**Exercise goal**
Search the records for the string "Gown" and copy every line where it turns up.

**Provided material**

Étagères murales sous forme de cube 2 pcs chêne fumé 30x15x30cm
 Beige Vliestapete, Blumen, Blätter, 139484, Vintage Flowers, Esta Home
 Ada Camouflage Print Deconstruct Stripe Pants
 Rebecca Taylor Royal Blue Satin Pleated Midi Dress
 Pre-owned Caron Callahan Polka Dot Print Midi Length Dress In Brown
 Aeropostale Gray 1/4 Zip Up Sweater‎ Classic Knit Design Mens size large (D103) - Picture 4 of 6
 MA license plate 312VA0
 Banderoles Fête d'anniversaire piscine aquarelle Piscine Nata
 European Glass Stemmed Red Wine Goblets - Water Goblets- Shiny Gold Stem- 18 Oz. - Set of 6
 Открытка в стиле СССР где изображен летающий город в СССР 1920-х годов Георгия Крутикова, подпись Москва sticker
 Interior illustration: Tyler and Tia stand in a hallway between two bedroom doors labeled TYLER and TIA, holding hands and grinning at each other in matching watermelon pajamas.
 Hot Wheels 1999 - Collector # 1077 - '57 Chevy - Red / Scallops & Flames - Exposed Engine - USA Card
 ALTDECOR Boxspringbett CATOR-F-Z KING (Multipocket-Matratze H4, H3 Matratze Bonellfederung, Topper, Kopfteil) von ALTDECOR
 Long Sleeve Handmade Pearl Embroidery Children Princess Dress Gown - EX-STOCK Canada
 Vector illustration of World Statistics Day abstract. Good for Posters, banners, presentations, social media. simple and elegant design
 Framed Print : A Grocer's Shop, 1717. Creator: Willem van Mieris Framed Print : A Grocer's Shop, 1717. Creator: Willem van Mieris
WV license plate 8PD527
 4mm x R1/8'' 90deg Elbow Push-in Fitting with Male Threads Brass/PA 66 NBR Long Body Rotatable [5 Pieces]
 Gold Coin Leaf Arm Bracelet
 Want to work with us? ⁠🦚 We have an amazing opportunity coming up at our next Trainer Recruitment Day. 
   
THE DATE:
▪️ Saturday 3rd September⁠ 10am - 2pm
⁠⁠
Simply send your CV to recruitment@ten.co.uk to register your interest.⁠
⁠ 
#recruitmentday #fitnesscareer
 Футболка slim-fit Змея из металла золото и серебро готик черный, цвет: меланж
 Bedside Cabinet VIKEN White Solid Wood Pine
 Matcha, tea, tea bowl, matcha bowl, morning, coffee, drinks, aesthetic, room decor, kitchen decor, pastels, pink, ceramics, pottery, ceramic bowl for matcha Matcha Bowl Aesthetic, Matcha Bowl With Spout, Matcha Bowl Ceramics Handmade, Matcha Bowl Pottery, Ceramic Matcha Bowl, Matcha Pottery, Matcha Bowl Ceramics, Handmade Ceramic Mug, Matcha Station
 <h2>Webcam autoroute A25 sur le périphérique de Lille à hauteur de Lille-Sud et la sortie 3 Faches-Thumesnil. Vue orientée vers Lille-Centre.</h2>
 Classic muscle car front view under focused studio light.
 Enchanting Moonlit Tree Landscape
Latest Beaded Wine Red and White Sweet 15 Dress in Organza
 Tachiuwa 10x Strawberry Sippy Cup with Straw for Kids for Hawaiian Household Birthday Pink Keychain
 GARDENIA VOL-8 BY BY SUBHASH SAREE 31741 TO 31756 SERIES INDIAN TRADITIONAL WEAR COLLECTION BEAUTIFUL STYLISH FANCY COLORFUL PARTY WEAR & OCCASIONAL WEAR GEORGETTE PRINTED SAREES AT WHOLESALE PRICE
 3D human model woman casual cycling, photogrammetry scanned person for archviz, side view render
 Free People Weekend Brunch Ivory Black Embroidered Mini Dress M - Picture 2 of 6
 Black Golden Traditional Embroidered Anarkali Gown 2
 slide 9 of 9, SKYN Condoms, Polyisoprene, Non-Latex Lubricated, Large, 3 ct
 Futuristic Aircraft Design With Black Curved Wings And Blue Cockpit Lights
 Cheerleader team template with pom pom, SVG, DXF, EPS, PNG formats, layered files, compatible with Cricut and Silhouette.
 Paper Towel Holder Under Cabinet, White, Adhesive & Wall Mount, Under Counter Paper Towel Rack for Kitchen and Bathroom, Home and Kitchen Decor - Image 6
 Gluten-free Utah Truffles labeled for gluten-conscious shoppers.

**Solution for this task**
 Long Sleeve Handmade Pearl Embroidery Children Princess Dress Gown - EX-STOCK Canada
 Black Golden Traditional Embroidered Anarkali Gown 2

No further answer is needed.